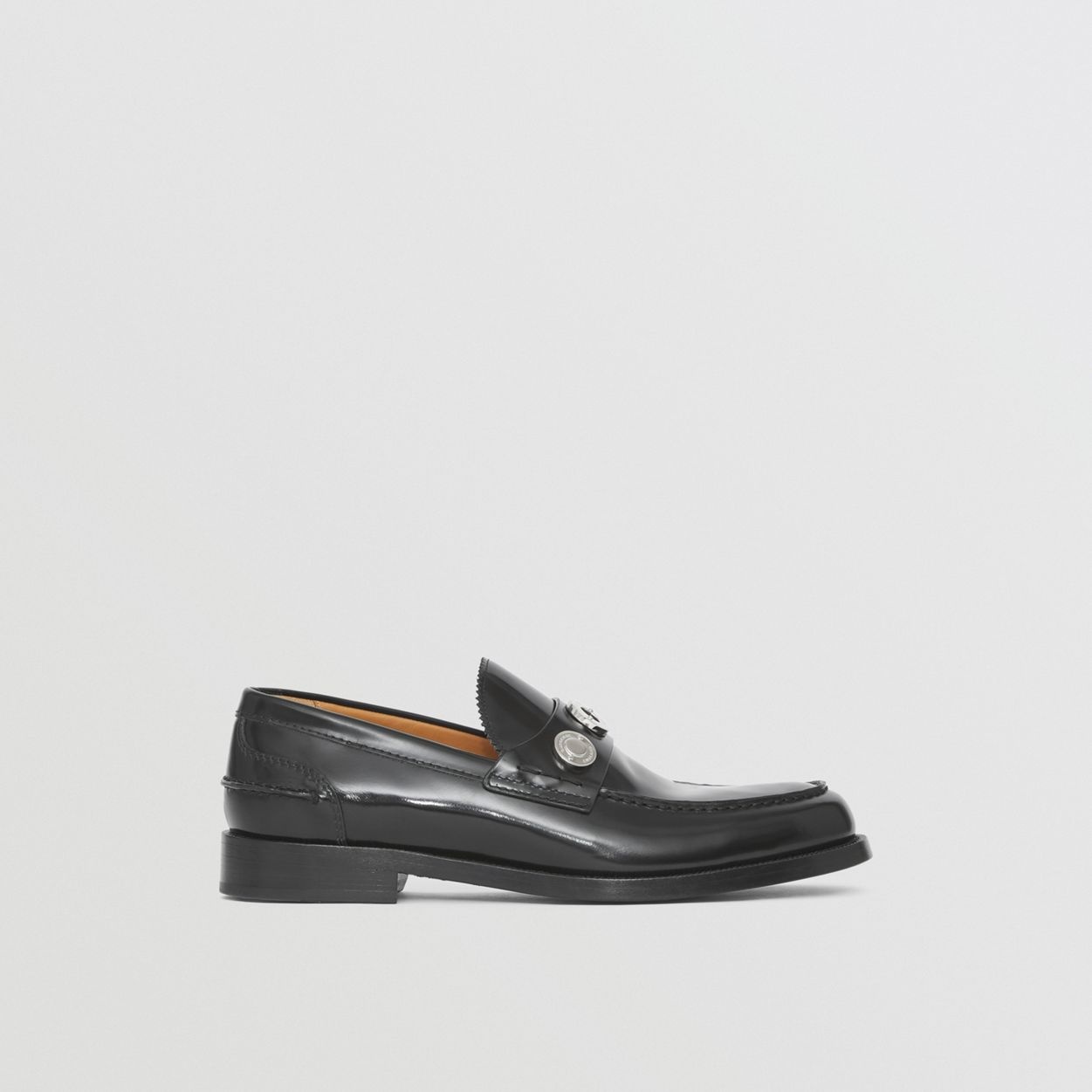 Logo Detail Leather Loafers - 1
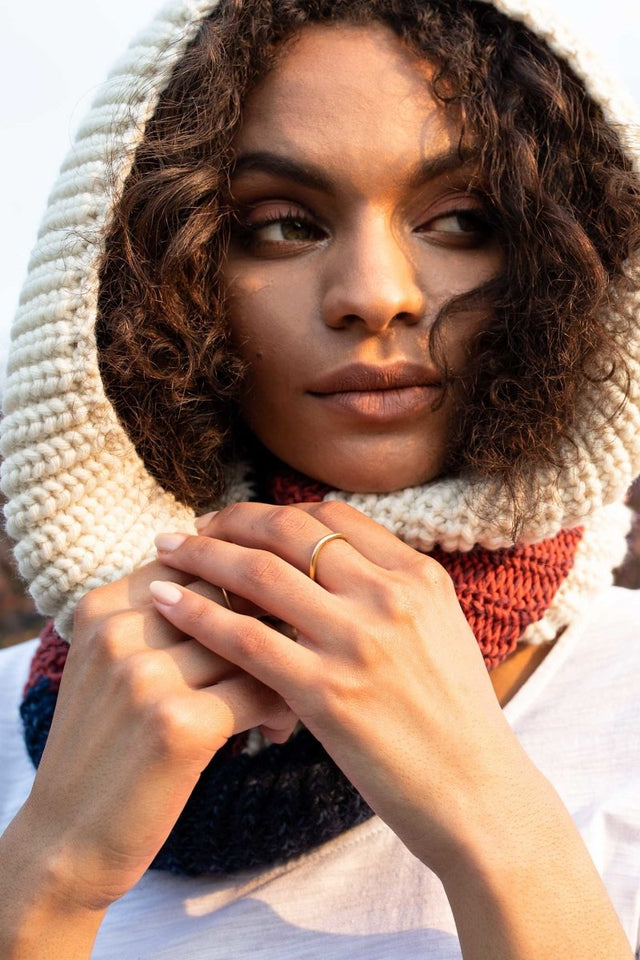 Snood Infinity Scarf in Multi-Color - Veneka-Sustainable-Ethical-Other-Indigenous Drop Ship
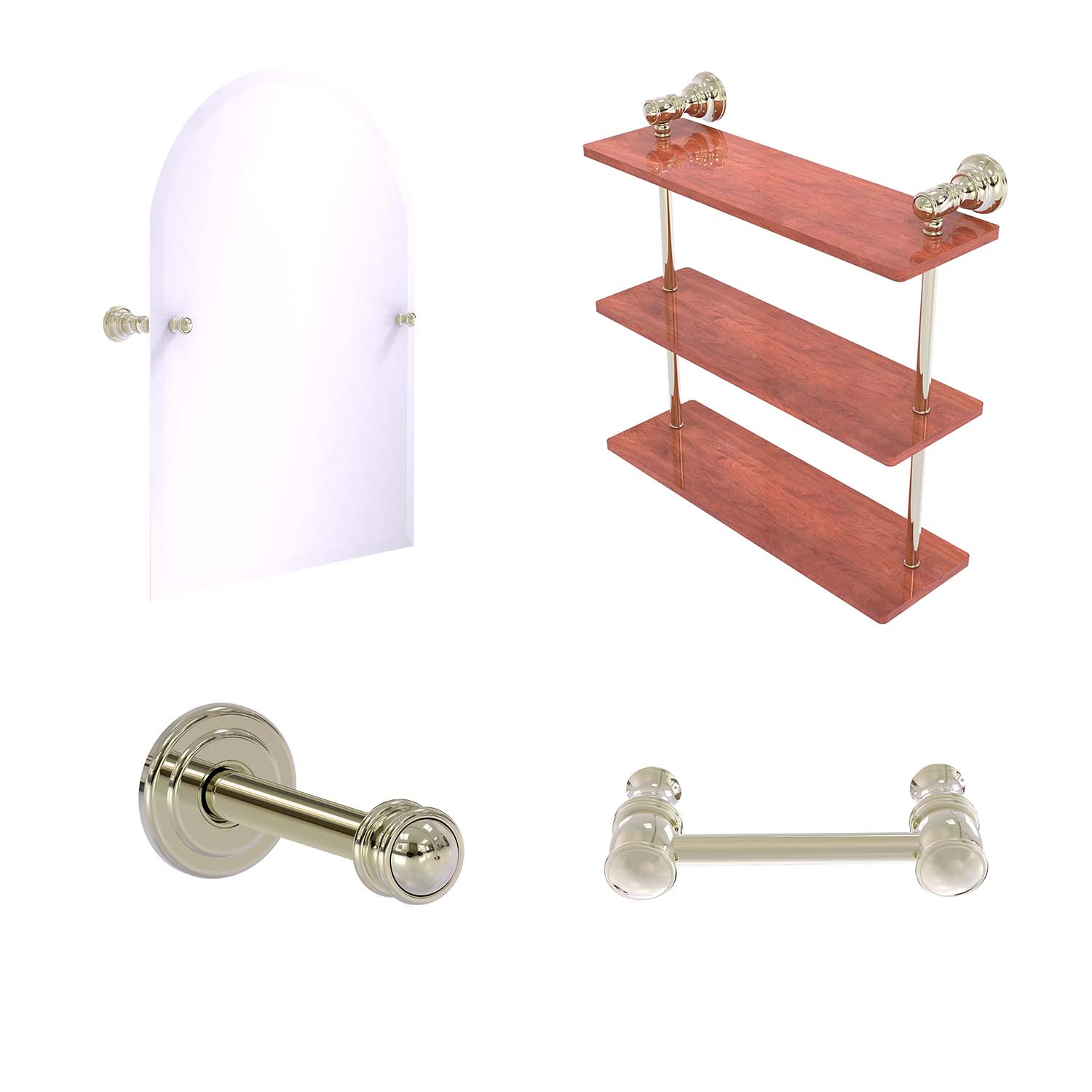 Allied Brass CL-5-16-IRW-PNI Bathroom-Shelves - View #3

_To do:_ Write out an exact copy of the lines beginning at the line that contains "Snood Infinity Scarf" and ending at the last line of the listing. Exclude pictures.

_Solution for this exercise:_
 Snood Infinity Scarf in Multi-Color - Veneka-Sustainable-Ethical-Other-Indigenous Drop Ship
 Allied Brass CL-5-16-IRW-PNI Bathroom-Shelves - View #3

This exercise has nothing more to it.